■ REQUIRED ACTION: Exactly as they appear below, repeat the lines from the one with "7х7 см Значки" through the one with "哒中医 第35类广告销售 注册号84721207商标图样", and no others.

THE DATA section start

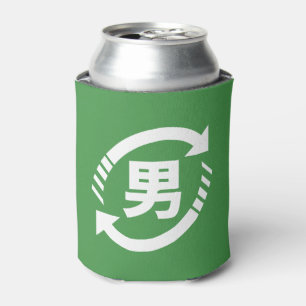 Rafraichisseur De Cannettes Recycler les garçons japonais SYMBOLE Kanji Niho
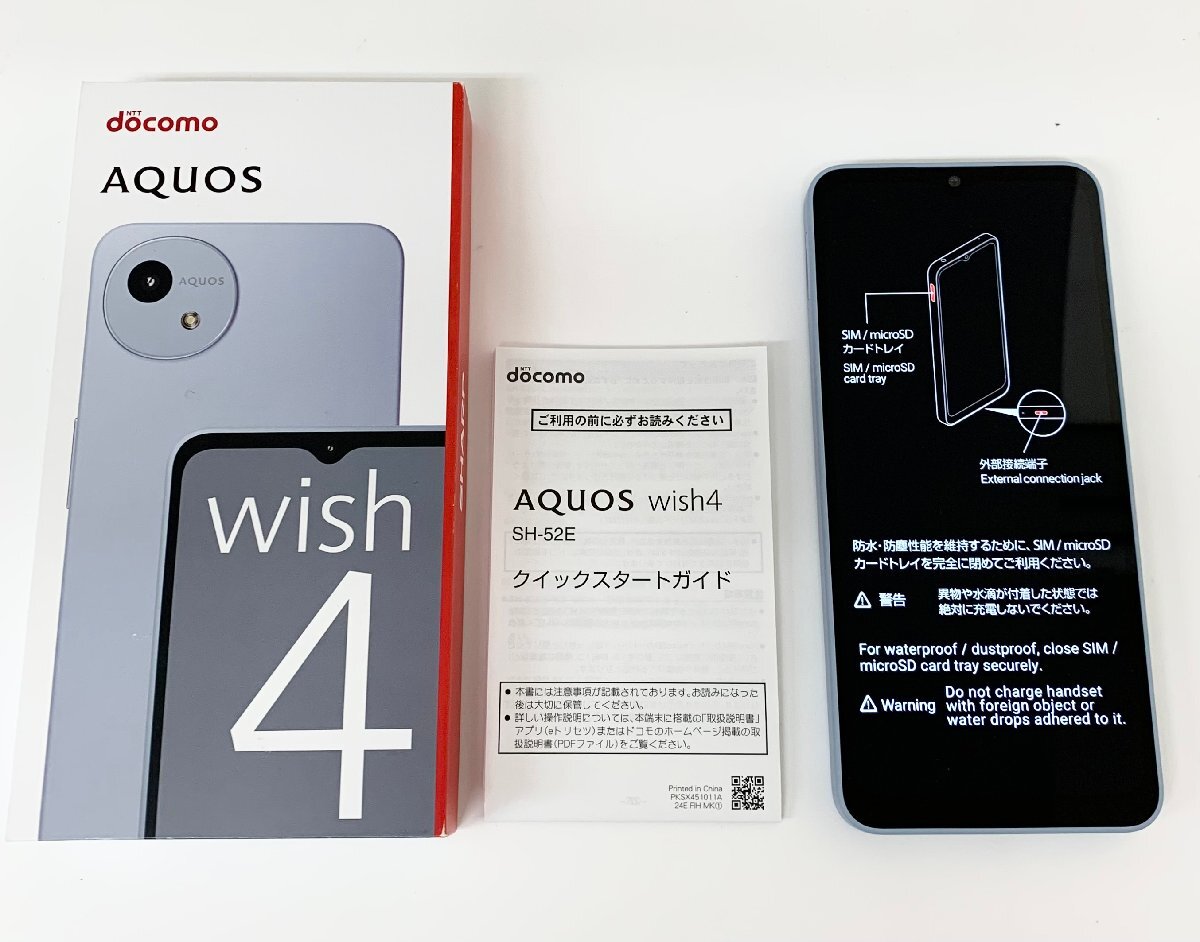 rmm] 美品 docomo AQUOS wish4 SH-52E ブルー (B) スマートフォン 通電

THE DATA section end
THE DATA section start

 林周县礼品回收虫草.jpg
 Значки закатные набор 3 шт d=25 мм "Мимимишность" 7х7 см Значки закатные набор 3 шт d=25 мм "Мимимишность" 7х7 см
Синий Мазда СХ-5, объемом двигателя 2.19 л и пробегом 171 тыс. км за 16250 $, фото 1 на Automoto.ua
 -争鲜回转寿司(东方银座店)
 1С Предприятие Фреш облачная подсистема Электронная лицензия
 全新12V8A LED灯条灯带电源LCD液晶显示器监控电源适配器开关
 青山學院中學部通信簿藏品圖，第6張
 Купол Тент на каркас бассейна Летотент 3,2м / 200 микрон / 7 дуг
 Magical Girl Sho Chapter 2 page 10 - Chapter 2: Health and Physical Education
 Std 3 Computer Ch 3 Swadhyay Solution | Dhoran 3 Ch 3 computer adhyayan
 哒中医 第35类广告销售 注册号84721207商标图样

THE DATA section end

■ SOLUTION BELOW:
 Значки закатные набор 3 шт d=25 мм "Мимимишность" 7х7 см Значки закатные набор 3 шт d=25 мм "Мимимишность" 7х7 см
Синий Мазда СХ-5, объемом двигателя 2.19 л и пробегом 171 тыс. км за 16250 $, фото 1 на Automoto.ua
 -争鲜回转寿司(东方银座店)
 1С Предприятие Фреш облачная подсистема Электронная лицензия
 全新12V8A LED灯条灯带电源LCD液晶显示器监控电源适配器开关
 青山學院中學部通信簿藏品圖，第6張
 Купол Тент на каркас бассейна Летотент 3,2м / 200 микрон / 7 дуг
 Magical Girl Sho Chapter 2 page 10 - Chapter 2: Health and Physical Education
 Std 3 Computer Ch 3 Swadhyay Solution | Dhoran 3 Ch 3 computer adhyayan
 哒中医 第35类广告销售 注册号84721207商标图样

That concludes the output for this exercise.